### WHAT IS BEING ASKED
Before printing the listing, strip out its pictures and keep everything else exact.

### DATASET CONTENT

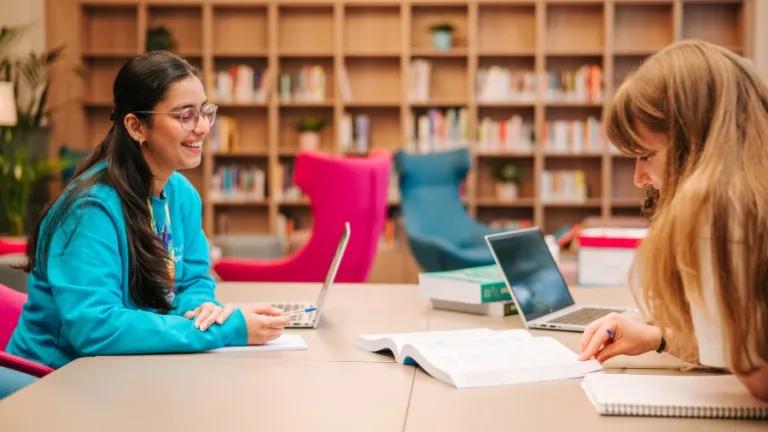 IFP students laughing together while studying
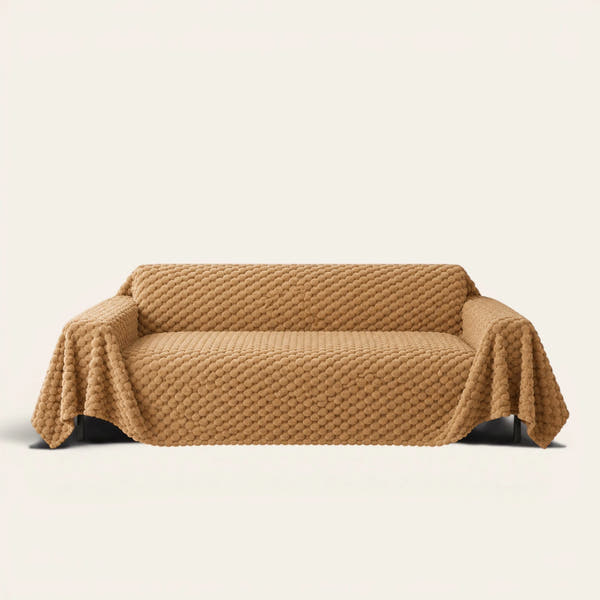 Cozy Chic sofa throw in Honeycomb Beige draped over a couch, front view on ivory background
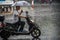 Man on scooter in tropical monsoon rain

### ANSWER AREA
 IFP students laughing together while studying
 Cozy Chic sofa throw in Honeycomb Beige draped over a couch, front view on ivory background
 Man on scooter in tropical monsoon rain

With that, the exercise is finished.